Required work
Take the line that contains "Faux mohair blanket" and each line after it to the end of the material below, and return them exactly, minus the pictures.

Records to process
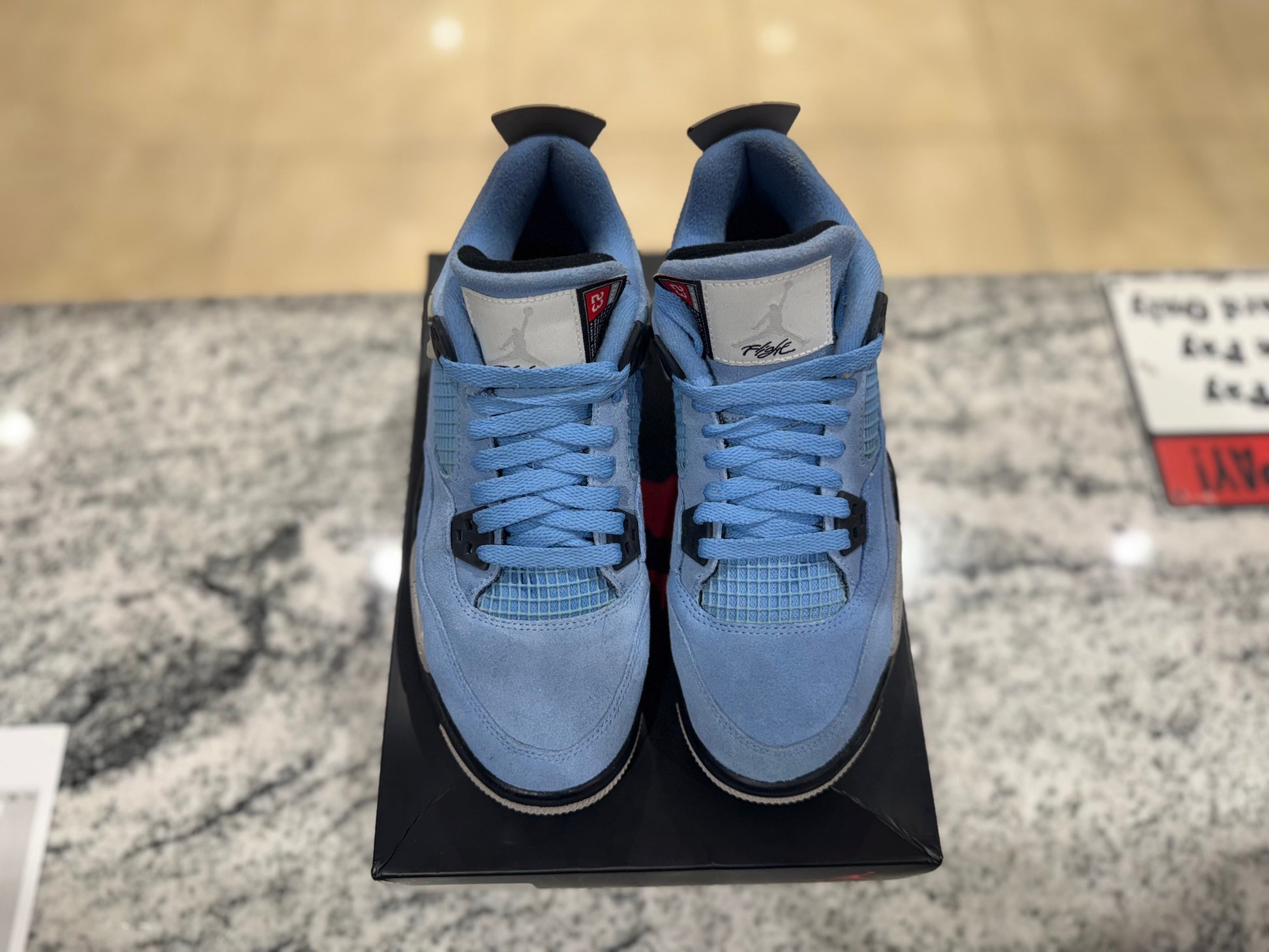 PRE OWNED Jordan 4 Retro University Blue (GS)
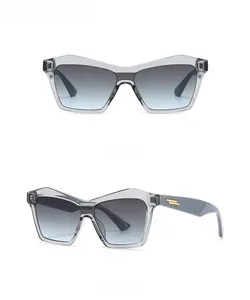 Front and side view of cat-eye sunglasses with grey blue gradient lenses and gold trim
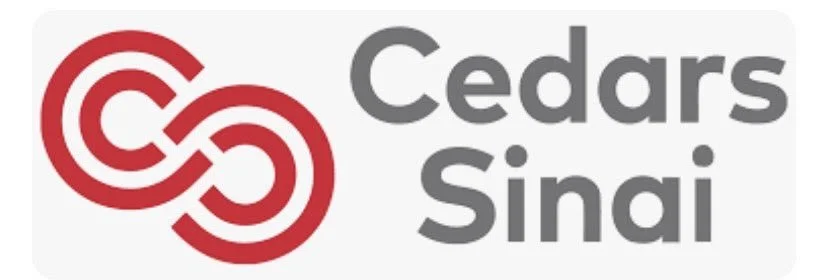 Cedars-Sinai logo with stylized red double-C design on a white background.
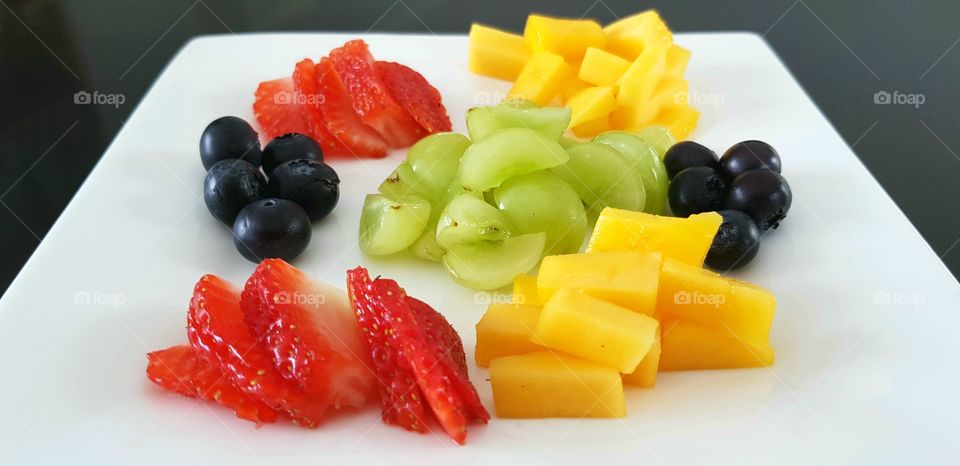 Healthy eating, fruity platter - grapes, blueberries,  mango and strawberries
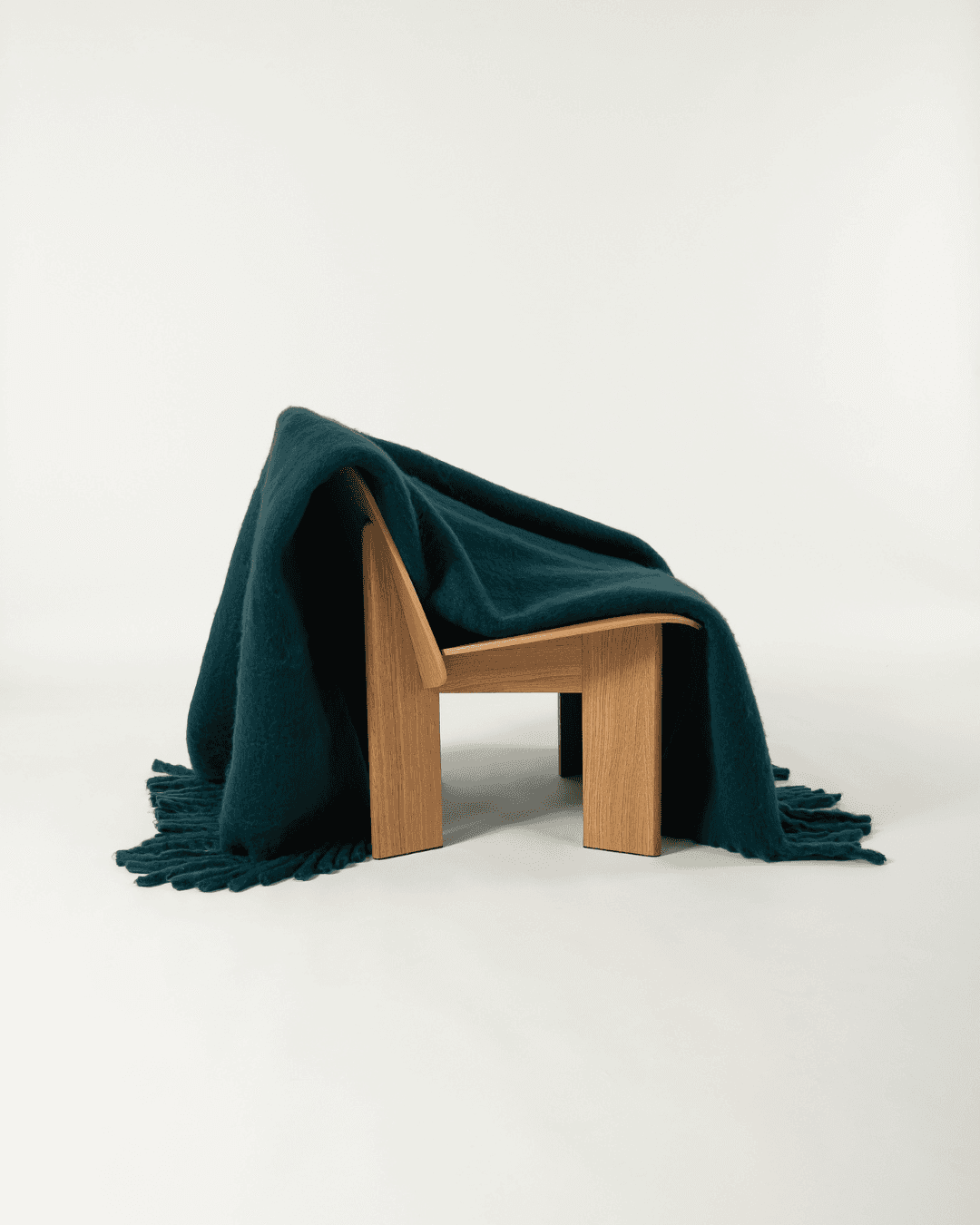 Faux mohair blanket in alpine draped over wooden chair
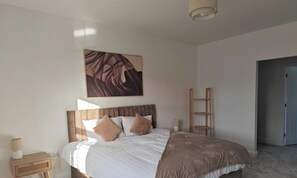 A bedroom with a bed, bedside tables, a wall-mounted artwork, and a door.
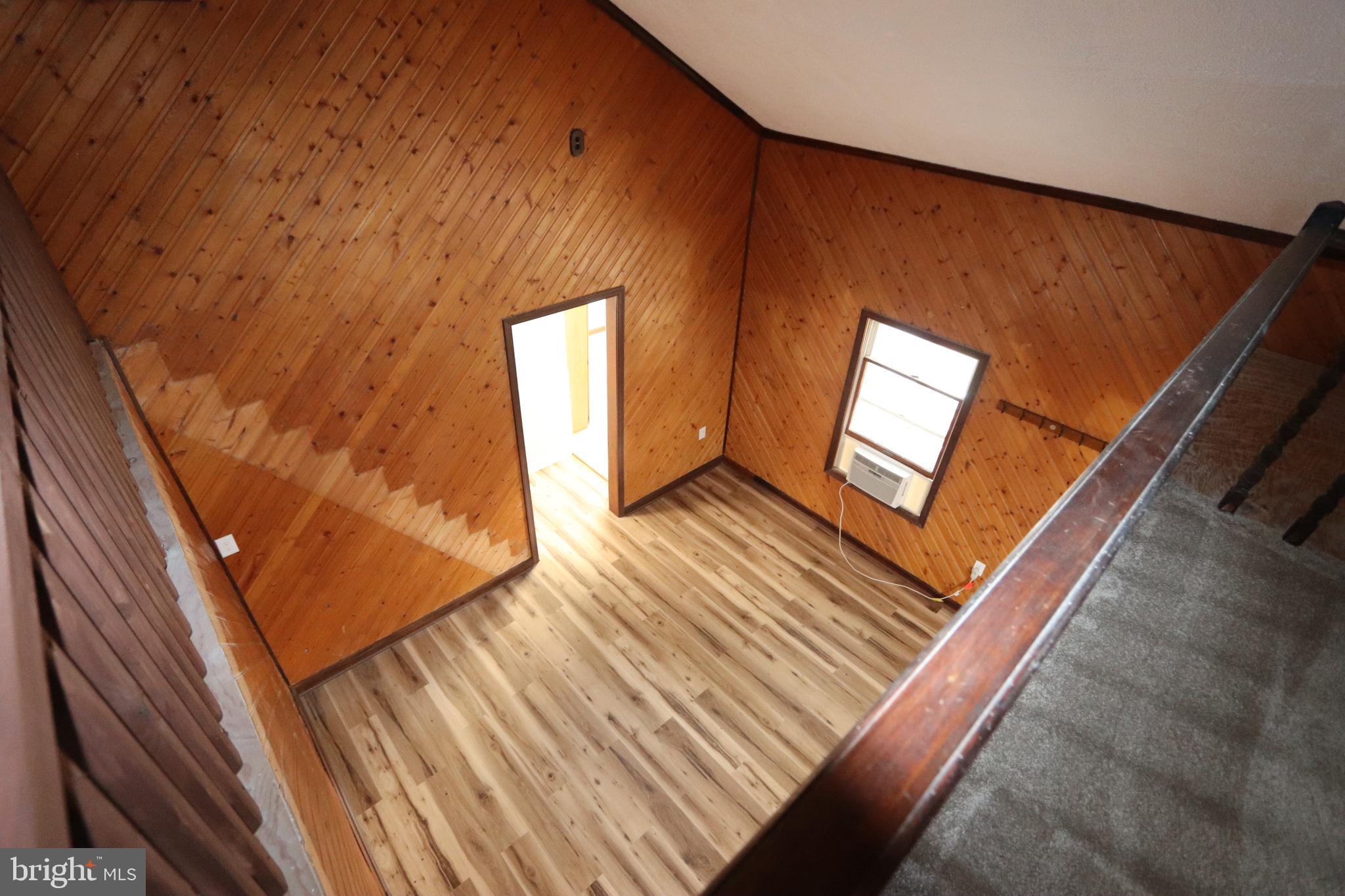 9540 Greenfield Road La Plata, MD 20646 - Photo 23 of 33 a view of an empty room and wooden floor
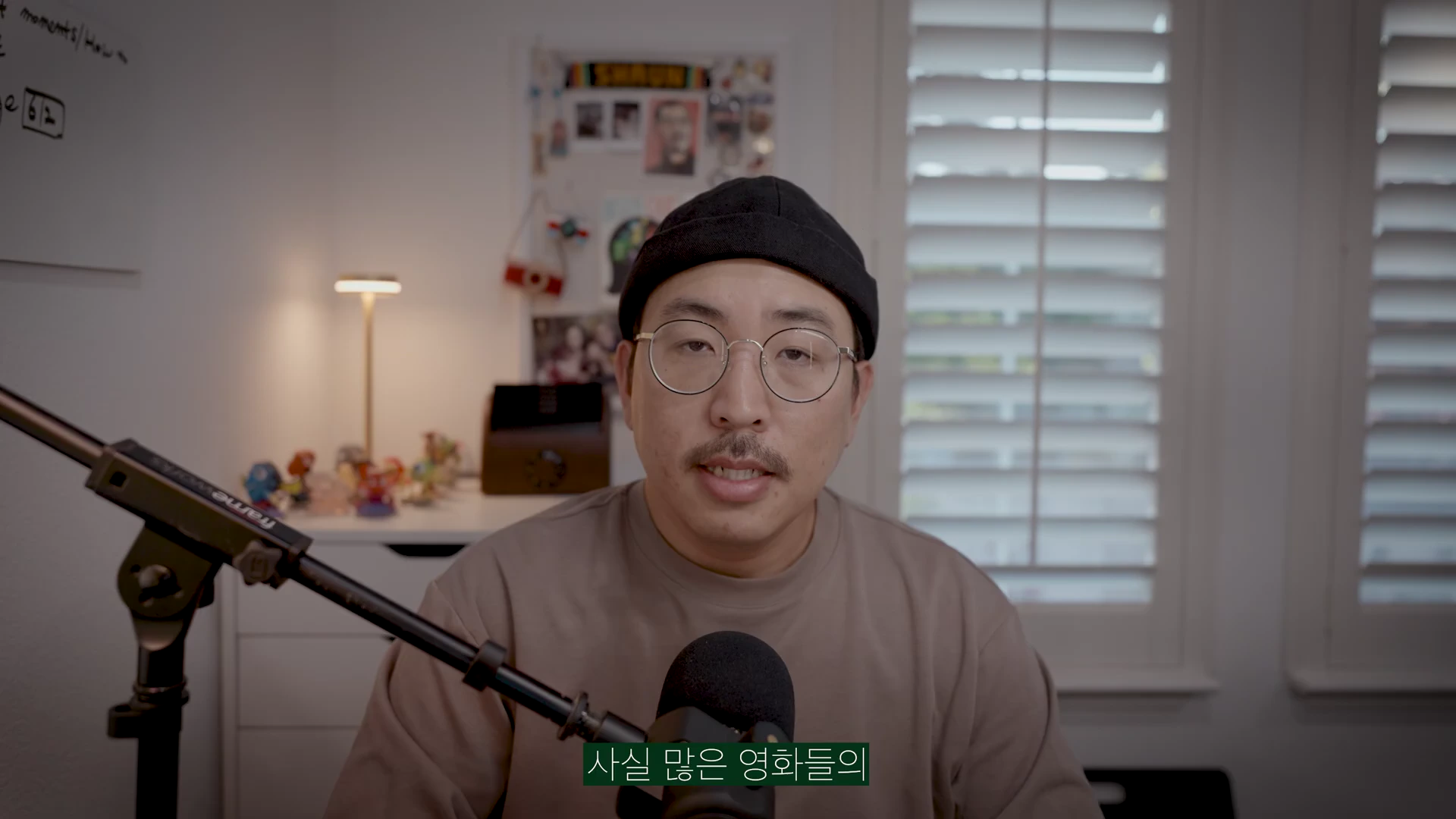 실내에서 검은색 비니와 안경을 쓴 남성이 마이크 앞에 앉아 정면을 보며 이야기를 하고 있는 모습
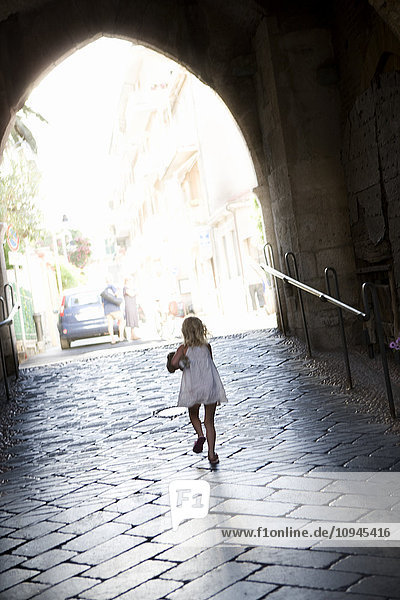 Italy  girl walking under archway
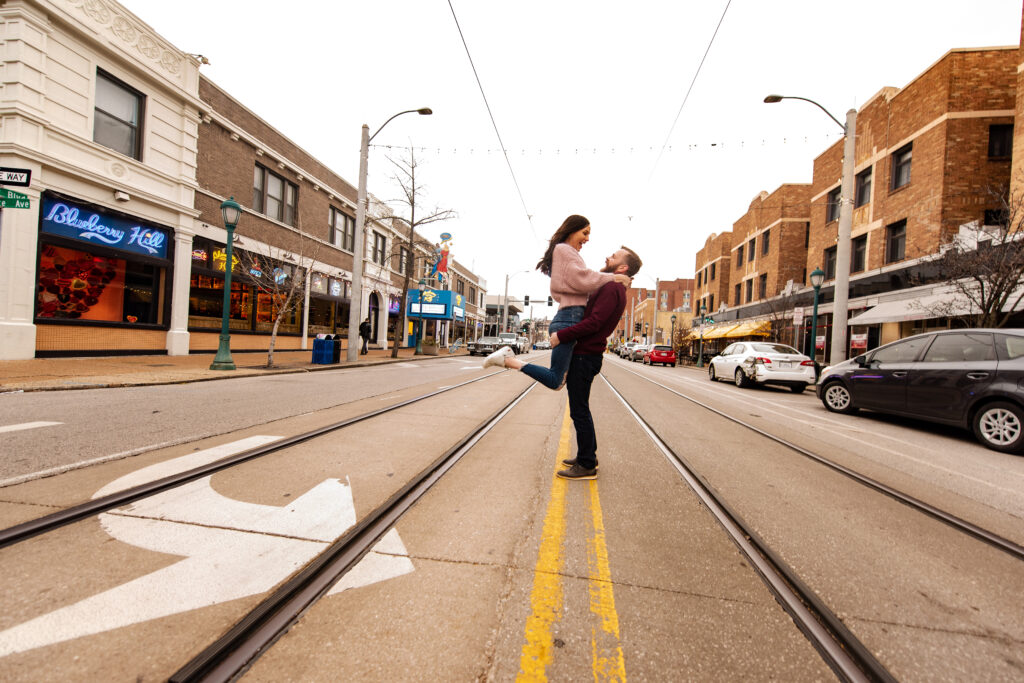 Rick pick up Sam in the Delmar Loop. Engagement photo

Exercise response
 Faux mohair blanket in alpine draped over wooden chair
 A bedroom with a bed, bedside tables, a wall-mounted artwork, and a door.
 9540 Greenfield Road La Plata, MD 20646 - Photo 23 of 33 a view of an empty room and wooden floor
 실내에서 검은색 비니와 안경을 쓴 남성이 마이크 앞에 앉아 정면을 보며 이야기를 하고 있는 모습
 Italy  girl walking under archway
 Rick pick up Sam in the Delmar Loop. Engagement photo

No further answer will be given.